In der Abbildung 2 finden sich die spezifischen Eigenheiten der Framework-Elemente im Überblick. Insbesondere wird hier die zugrunde liegende Zuordnung der Prinzipien des Effectuation-Ansatzes zu den Elementen des Effectualen Crowdsourcing ersichtlich.

Das vorgestellte Framework bietet eine Vorgehensweise, um die bereitwilligen Stakeholder eines Unternehmens auf eine andere Weise einzubinden, als dies bei anderen Crowdsourcing-Ansätzen in aller Regel der Fall ist.
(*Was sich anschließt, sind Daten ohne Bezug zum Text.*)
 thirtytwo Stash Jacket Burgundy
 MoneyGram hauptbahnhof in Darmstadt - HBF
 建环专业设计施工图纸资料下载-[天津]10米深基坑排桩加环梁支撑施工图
Auch entwickelt sich durch die neu auszuhandelnden Vereinbarungen eine Dynamik, die schliesslich zu einem neuen effectualen Netzwerk führen wird.

Fazit

Statt eines starren zielorientierten Prozesses bietet das empfohlene Vorgehen einen Rahmen, der grösstmöglichen Spielraum für Flexibilität zulässt. Dies erhöht letztlich die Wahrscheinlichkeit, wirklich radikale Innovationen zu kreieren. Allgemeinere Crowdsourcing-Ansätze hingegen führen in den wenigsten Fällen zu einer bahnbrechenden Innovation. Hier ist die vorgegebene deterministische Ziel­beschreibung das grösste Hemmnis für wahrlich Innovatives.